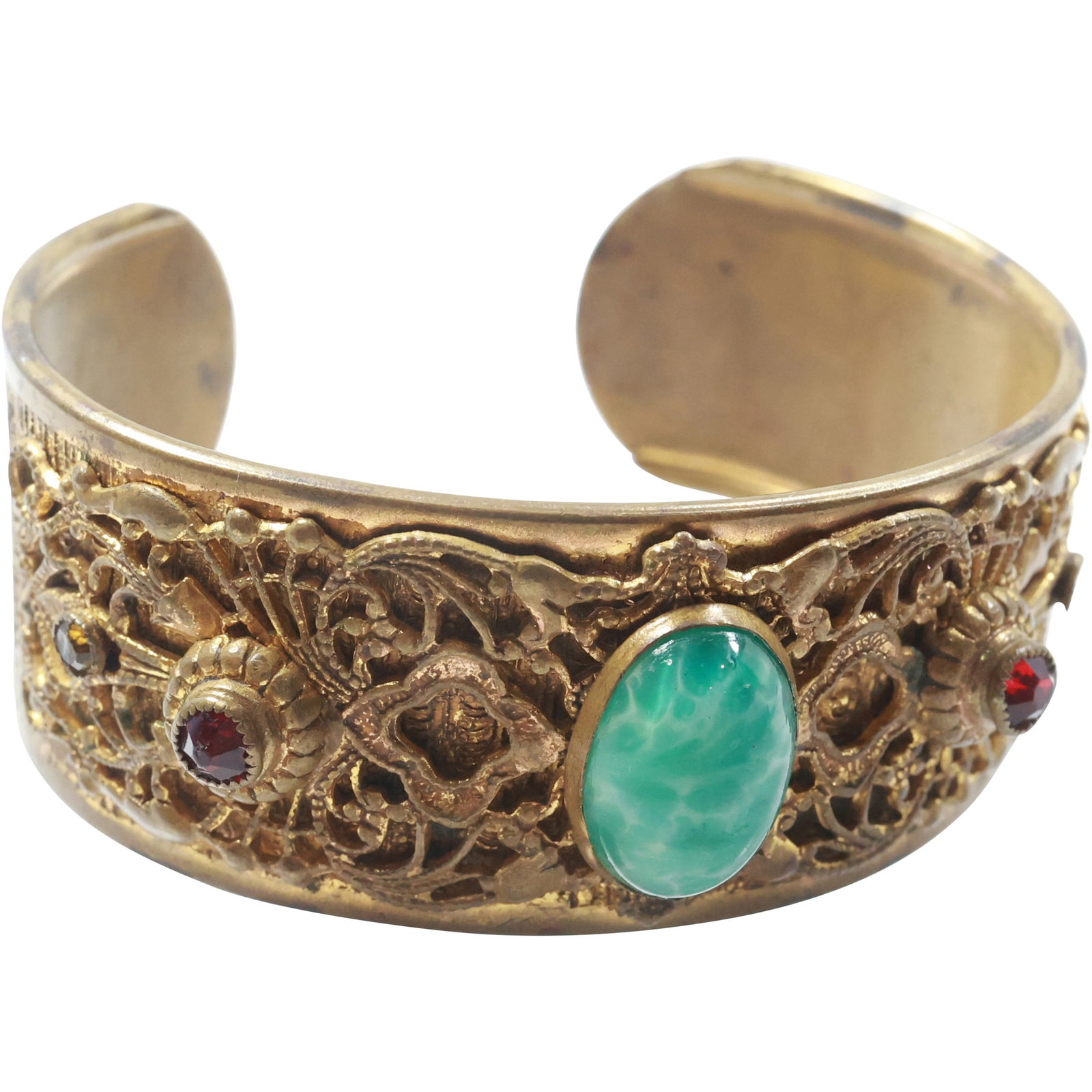 Vintage Cuff Bracelet with Embellishments 2 1/2 in. x 2 1/4 in. (1 of 12)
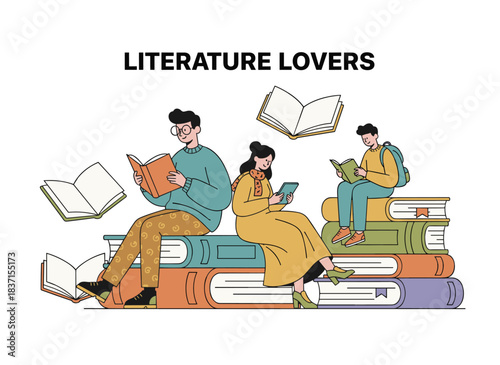 Stylishly dressed men and women sit atop a stack of enormous books or beside it, reading, while students and literature enthusiasts study. The illustration is colored in a contemporary style
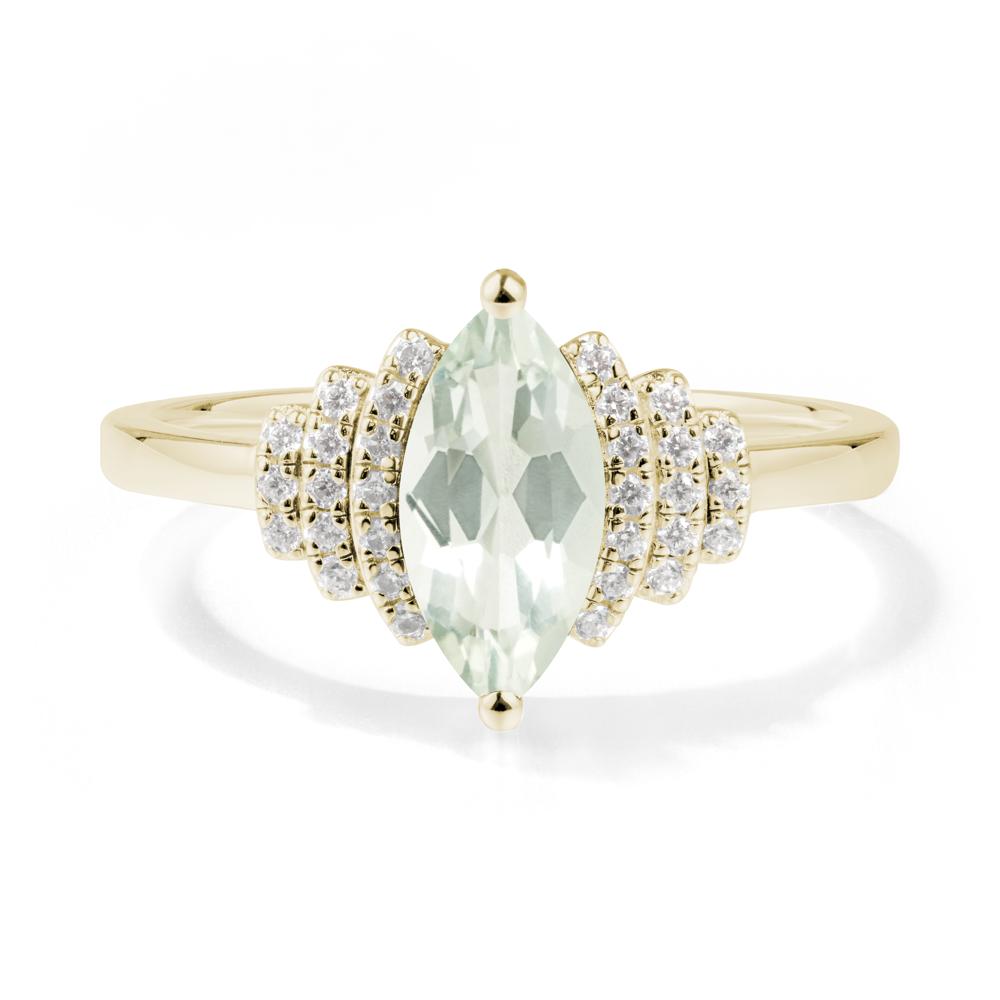 Art Deco Marquise Green Amethyst Ring - LUO Jewelry #metal_14k yellow gold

**Activity**
Copy out the material above in full and exactly, but with no pictures.

**Written response**
 Vintage Cuff Bracelet with Embellishments 2 1/2 in. x 2 1/4 in. (1 of 12)
 Stylishly dressed men and women sit atop a stack of enormous books or beside it, reading, while students and literature enthusiasts study. The illustration is colored in a contemporary style
 Art Deco Marquise Green Amethyst Ring - LUO Jewelry #metal_14k yellow gold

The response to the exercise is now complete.